Adriane Fresh is Assistant Research Professor at Duke University, where she’s a member of both the Political Science Department and the Interdisciplinary Data Science Program. Her research is about the political economy of development, with a focus on elite persistence in the context of economic and institutional change. She studies a diverse set of historical and country cases including England during the Industrial Revolution, the Civil Rights-era U.S. South, and Pinochet-era Chile. She received her MA in Economics and PhD in Political Science from Stanford University.
She’ll present work entitled “Trade, Contestation and Representation During England’s Long 17th Century.”
Talk will be on Zoom, Wednesday, October 22, 19:00 (BJT).
Abstract: Expansions of international trade have significant distributional consequences and are therefore often viewed as a key source of domestic political conflict. This paper asks about the political consequences of the 17th century growth of the Atlantic economy — often viewed as one of the most important periods of early globalization. This economic change has been famously linked to national conflicts over property rights and institutional configurations, pitting an ascendant commercial elite against a traditional landed class.

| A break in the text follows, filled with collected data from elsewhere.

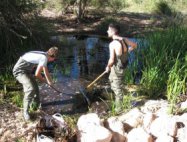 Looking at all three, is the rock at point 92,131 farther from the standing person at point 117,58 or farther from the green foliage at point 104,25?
the green foliage at point 104,25

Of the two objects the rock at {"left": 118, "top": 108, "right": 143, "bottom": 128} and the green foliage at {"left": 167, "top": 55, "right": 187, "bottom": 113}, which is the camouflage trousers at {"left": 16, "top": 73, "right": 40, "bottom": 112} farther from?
the green foliage at {"left": 167, "top": 55, "right": 187, "bottom": 113}

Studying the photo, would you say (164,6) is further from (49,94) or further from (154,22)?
(49,94)

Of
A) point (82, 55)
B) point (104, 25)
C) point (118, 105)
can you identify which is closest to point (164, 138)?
point (118, 105)

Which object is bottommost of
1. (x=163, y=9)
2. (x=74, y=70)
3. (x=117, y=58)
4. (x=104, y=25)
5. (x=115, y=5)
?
(x=74, y=70)

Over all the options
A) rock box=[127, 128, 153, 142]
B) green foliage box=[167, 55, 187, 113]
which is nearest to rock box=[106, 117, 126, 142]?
rock box=[127, 128, 153, 142]

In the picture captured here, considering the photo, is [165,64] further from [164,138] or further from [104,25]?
[104,25]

However, to date, no work has systematically examined whether and to what extent this national cleavage was reflected in competition for parliamentary seats in the constituencies. In this paper, I collect new data on the universe of 17th century English parliamentary returns, the incidence of electoral contests, and characteristics of the MPs that were returned, as well as many of their challengers. I pair this with localized data on the volume of trade from historical customs accounts (the Port Books). Preliminary results suggest that, despite the importance of commercial change during the period, it played a limited role in producing electoral contests. MPs representing the expanding commercial sector obtained representation, but this was geographically circumscribed and was not a function of winning electoral contests. This suggests both that commercial cleavages were between rather than within local geographies, and that recourse to other cleavages are needed to fully explain the rise of contests during the period.